Researcher in human-computer interaction at INRIA, Aviz team.
Bad Stats are Miscommunicated Stats
When reporting on user studies, we often need to do stats. But many of us have little training in statistics, and we are just as anxious about doing it right as we are eager to incriminate others for any flaw we might spot. Violations of statistical assumptions, too small samples, uncorrected multiple comparisons—deadly sins abound. But our obsession with flaw-spotting in statistical procedures makes us miss far more serious issues and forget about the actual purpose of statistics. Stats are here to help us communicate about our experimental results for the purpose of advancing scientific knowledge. Science is a cumulative and collective enterprise, so miscommunication, confusion and obfuscation are much more damaging than moderately inflated Type I error rates.
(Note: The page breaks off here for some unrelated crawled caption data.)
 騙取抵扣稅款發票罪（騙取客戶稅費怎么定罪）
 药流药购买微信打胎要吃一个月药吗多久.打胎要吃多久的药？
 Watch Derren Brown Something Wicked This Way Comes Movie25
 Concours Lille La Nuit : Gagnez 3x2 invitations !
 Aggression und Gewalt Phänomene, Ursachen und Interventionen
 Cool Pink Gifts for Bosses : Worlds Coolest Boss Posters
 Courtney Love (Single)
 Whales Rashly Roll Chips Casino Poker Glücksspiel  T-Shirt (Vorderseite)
In my talk, I make the case that the most common form of bad stats are miscommunicated stats. I also explain why we all have been faring terribly according to this criteria—mostly due to our blind endorsement of the concept of statistical significance. This idea promotes a form of dichotomous thinking that not only gives a highly misleading view of the uncertainty in our data, but also encourages questionable practices such as selective data analysis and various other forms of convolutions to reach the sacred .05 level. While researchers’ reliance on mechanical statistical testing rituals is both deeply entrenched and severely criticized in a range of disciplines—and has been so for more than 50 years—it is particularly striking that it has been so easily endorsed by our community. We repeatedly stress the crucial role of human judgment when analyzing data, but do the opposite when we conduct or review statistical analyses from user experiments. I believe that we can cure our schizophrenia and substantially improve our scientific production by banning p-values, by reporting empirical data using clear figures with effect sizes and confidence intervals, and by learning to provide nuanced interpretations of our results. We can also dramatically raise our scientific standards by pre-specifying our analyses, fully disclosing our results, and sharing extensive replication material online. These are small but important reforms that are much more likely to improve science than methodological nitpicking on statistical testing procedures.
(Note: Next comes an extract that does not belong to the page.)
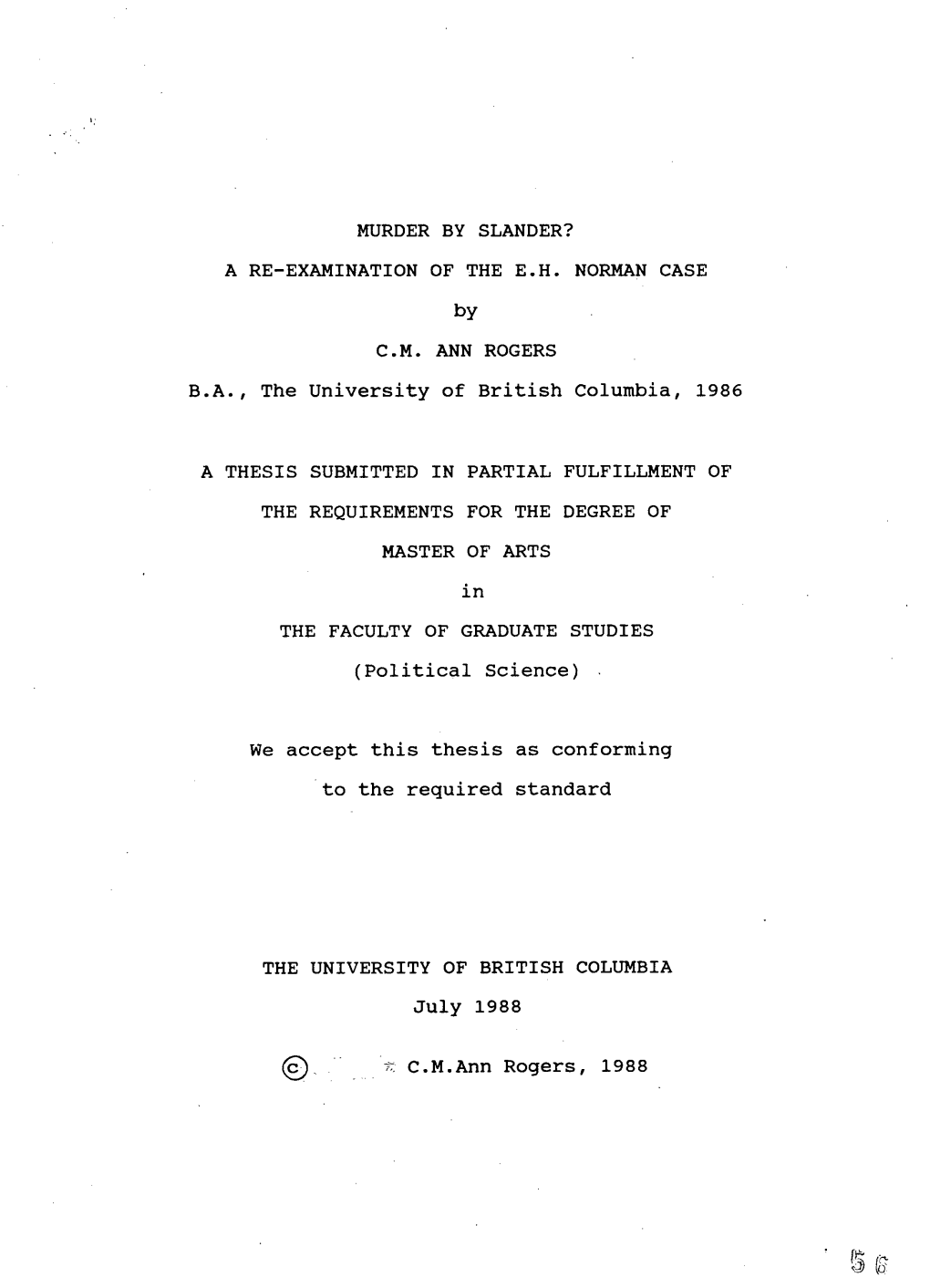 MURDER by SLANDER? a RE-EXAMINATION of the E.H. NORMAN CASE by C M . ANN ROGERS .A., the University of British Columbia, 1986 K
All references mentioned in this talk will be available at http://www.aviz.fr/badstats.
Pierre Dragicevic defended his PhD thesis on human-computer interaction in Nantes, France, in 2004, after which he worked as a post-doc at the Université Toulouse III, in the IntuiLab company, and at the University of Toronto, Canada. In 2007, he joined the Aviz team at Inria in France as a permanent research scientist, where he has been working on topics such as animated visualizations, physical visualizations, perception and motor control, and visualizations for judgment and decision making. He has no statistical training but knowledgeable colleagues, and co-signed many research articles with p-values until he was forced to do a statistical analysis himself in 2012. Unsatisfied with this experience, he got interested in less orthodox statistical methods and discovered a vast and fascinating literature on statistical reform as well as an emerging field called statistical cognition. In 2013, he organized a local workshop with statistics reformer and statistical cognition researcher Geoff Cumming. In 2014, he co-presented with Fanny Chevalier and Stéphane Huot an alt.chi paper on a thought experiment about what would happen to statistical significance if we ran the same HCI experiment in multiple parallel universes. In early 2014, he decided to banish p-values from all his publications and use only estimation—so far with success. He has been also trying to pre-specify analyses and share full replication material as much as possible. The few colleagues he managed to convince so far report an average increase in life satisfaction of 2.1 on a 10-point scale, 95% CI [1.7, 3.4].